C'est ainsi qu'Anna – qui, née d'une mère danoise, rêve de fuir cette «prison» paternelle d'où tous les arbres ont disparu – se retrouvera au cœur d'une lutte à mort entre trois hommes. Une issue d'autant plus surprenante qu'elle se traduit littéralement par une séance de lutte durant une fête villageoise (la plus belle séquence du film, lancée par un panoramique à 360 degrés) qui ne laisse toujours rien deviner. A l'évidence, la défiance réciproque de Lucas, de Ragnar et de Carl grandit à l'écart des regards. De sorte que même lorsque Ragnar demande à brûle-pourpoint comment on devient un «homme de Dieu», c'est tout le non-dit derrière cette question qu'il faudrait entendre!
Temps accéléré, vision cosmique
Cette stratégie de non-dit, mais aussi de non-montré, donne forcément un film assez froid, d'où l'amour est singulièrement absent. Seule Ida, la sœur cadette frondeuse (jouée par la propre fille du cinéaste), échappe encore pour le moment à cette malédiction.

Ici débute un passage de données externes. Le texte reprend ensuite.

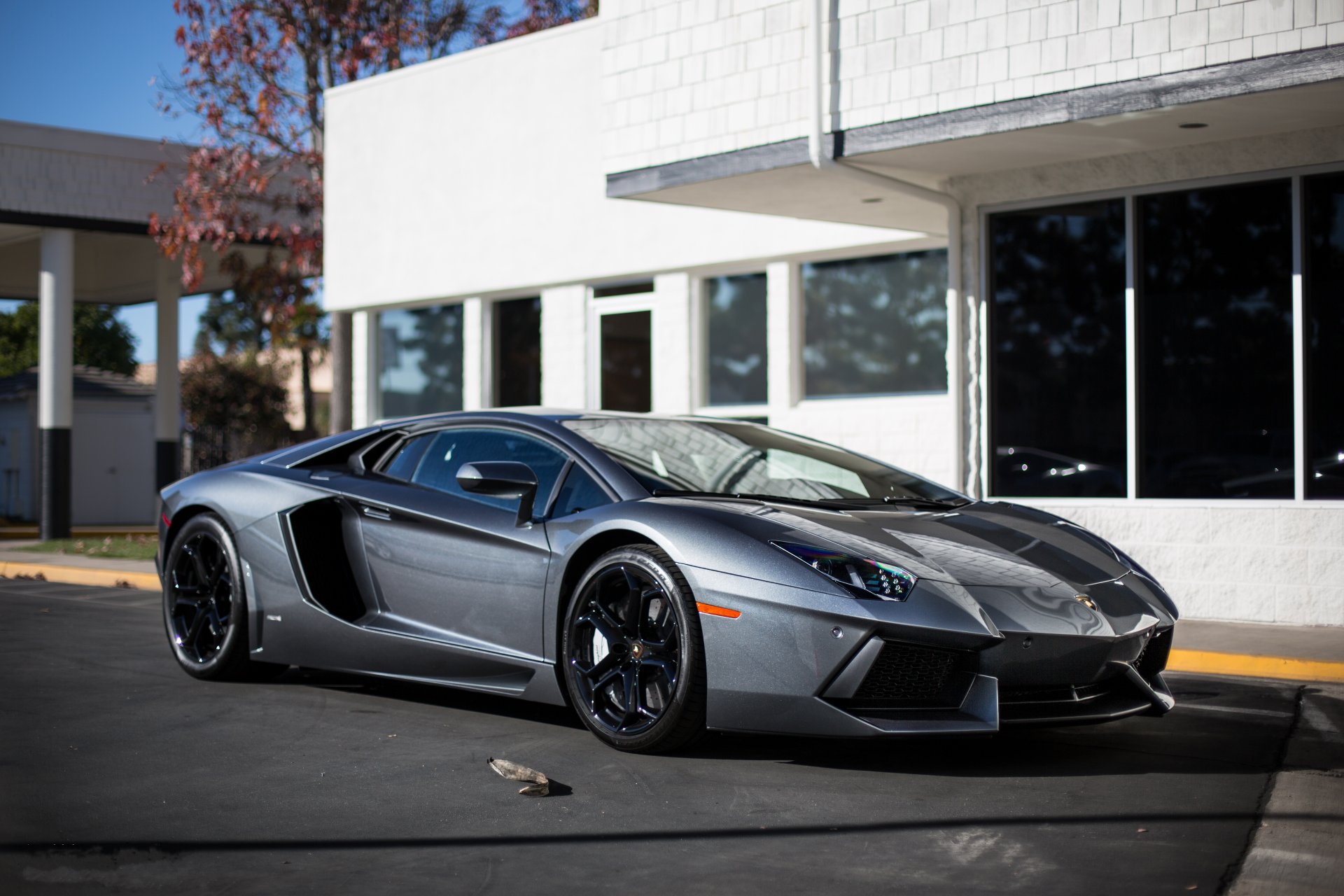 lamborghini aventador lp700-4 gris lamborghini aventador vue latérale réflexion bâtiment fenêtre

Quand enfin survient la violence, de prime abord absurde et non motivée, celle-ci nous oblige à un effort intellectuel inusité, pour tenter de voir a posteriori ce qu'on a manqué entre les images (mais qui a tout de même même été suggéré «en creux»). A savoir, une opposition fatale entre le monde physique et le monde spirituel, exacerbée par une sensibilité féminine refoulée et arbitrée par un pouvoir patriarcal abusif. Une vision des choses peut-être excessivement noire, mais qui va beaucoup plus loin, on en conviendra, que la simple opposition entre Islande et Danemark...
Lorsqu'à la fin, Pálmason «rembobine» toutes ses séances de pose photographique, on devine dès lors qu'il se livre à une mise en abyme: l'essentiel – en réalité presque tout – s'est donc joué entre ces images artificiellement figées, qui ne reflètent que la surface de l'expérience humaine. Lui-même «troué» de partout, le cinéma ne vaut guère mieux. Le dernier mot appartenant au temps lui-même, qui efface tout, jusqu'à la dernière trace de nos existences; une œuvre rendue ici par deux montages saisissants d'images prises tout au long des deux années de tournage. Magique!
Il y a vraiment un projet de cinéma inédit chez Hlynur Pálmason, qui finit par confronter nos passions, nos impasses et nos illusions à l'indifférence du monde. Ne reste qu'à le débusquer derrière son exotisme apparent.